If you’ve ever been to a strip club on a weekend night, you have likely witnessed a mouth-breathing, hyper-masculinized, and liquored-up bachelor party. It’s why I loathed working weekends as a stripper. In fact, in the latter years of my career, I avoided them altogether if it could be helped. I made it through more than twenty years as an adult entertainer, and maybe surprisingly, I didn’t come away hating men. But it wasn’t because of these kinds of guys. It was in spite of them.
The strip club is arguably the place for sexist and crude behavior. But most men don’t behave that way. Even when faced with a gaggle of naked women. I am aware that it is the accepted stereotype that men revert to their lizard brains in such an environment. However, that is simply not my experience in the majority of cases.
Guys in a group, like a work or a bachelor party, can behave vastly different than when they are by themselves—naked boobs or not. When I have had the opportunity to separate one of these “neanderthals” from their tribe, their behavior changes almost instantly.
Let me caveat. Some guys are the misogynistic creeps they appear to be, whether with their friends, their mothers, or one on one. But, the vast majority of guys just aren’t that.

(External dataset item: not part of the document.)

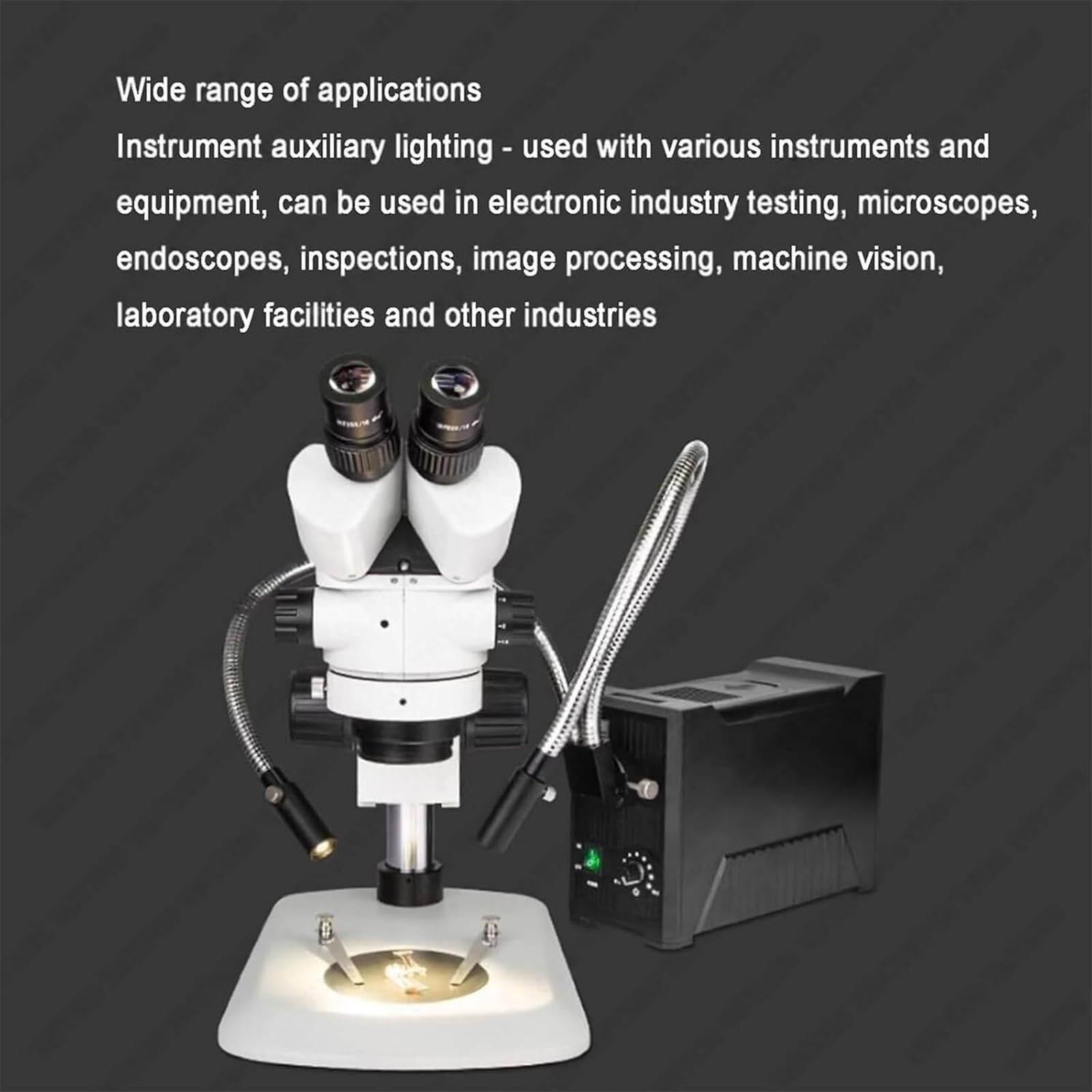 Fuente de luz LED fría de cuello de cisne doble, iluminador de microscopio de fibra óptica, brillo ajustable, 570-900 nm, para experimentos científicos y trabajos de laboratorio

It’s not immediately obvious in that situation. Very often, when I would take a man away from his friends and back to the private lap dance booth, the change could be instantaneous. A reverse Jekyll and Hyde scenario. Where the monster they appeared to be moments before, gave way to a kind, gentle, and real human being. Sure, the sexual element complicated that just a little, but the caveman façade crumbled.
Male shame and pseudo-masculinity
The phenomena I witnessed wasn’t something I had a grasp of outside of a layman’s understanding of psychology. I knew that they were obviously trying to impress their friends. It was the why that wasn’t completely clear. And it wasn’t until I quit dancing and became involved with the secular community that I learned it.
Raised Catholic or sort of Catholic as I was, I was familiar with the shame around sex and the female body. It wasn’t until I became a stripper, that I started to understand that men face shame around the female body and sex as well.
The flip side of the shame that is put upon women is that men are supposed to behave a certain way around women. Particularly around women such as strippers, who are expected to be ashamed of themselves according to the religious and even some secular people.
In short, to be a real man means to be a total dick to women who refuse to be shamed for their sexual expression or bodies.
The irony in this whole social construct is that kind of behavior isn’t attractive to most women. Successful partnerships require compassion, openness, and respect. But if you listen to some of the most prominent masculinity-promoting male podcasters, YouTubers, and authors, that just isn’t manly.
Unbeknownst to their followers, these purveyors of pseudo-masculinity use a well-known sales tactic. They use social pressure to create a problem and then offer the cure. Anything from supplements to books to long-winded rants on podcasts and videos.
“Masculinity is dying!” they proclaim and then proceed to explain why their audience isn’t enough of a man.
It isn’t unlike the health and wellness Live, laugh, love gurus, who use unrealistic media depictions of slender bodies. And the saccharine-sweet smiles of models who appear to have everything to push their own books and podcasts. It’s how we ended up with Dr. Oz, Goop, and… religion.
When people are removed from the peer pressure to act like they think they are expected to, the whole con falls apart. The façade shatters and you are left with just a regular human being.